• **Action item**:
Start at the line that contains "Learn Python in" in the listing below and extract every line through the last, exactly; leave pictures out.

• **Recorded information**:

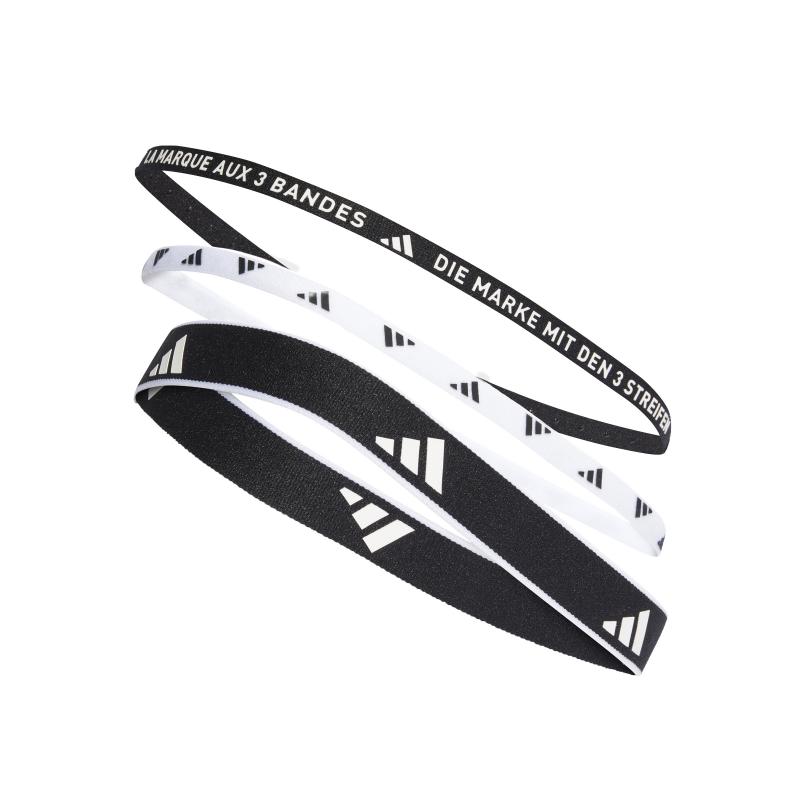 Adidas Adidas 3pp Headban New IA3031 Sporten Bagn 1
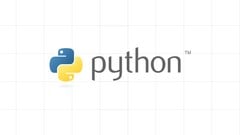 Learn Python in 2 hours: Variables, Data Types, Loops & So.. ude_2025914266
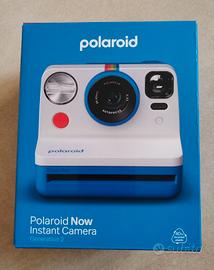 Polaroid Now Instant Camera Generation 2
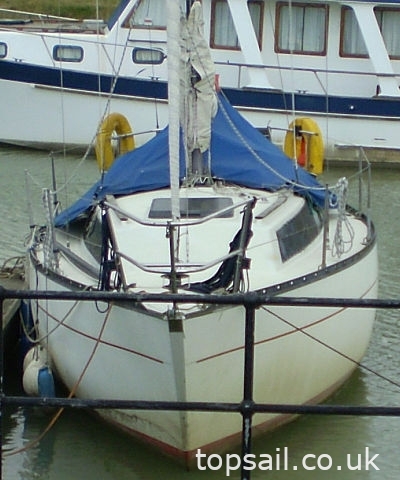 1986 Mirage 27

• **Output for this task**:
 Learn Python in 2 hours: Variables, Data Types, Loops & So.. ude_2025914266
 Polaroid Now Instant Camera Generation 2
 1986 Mirage 27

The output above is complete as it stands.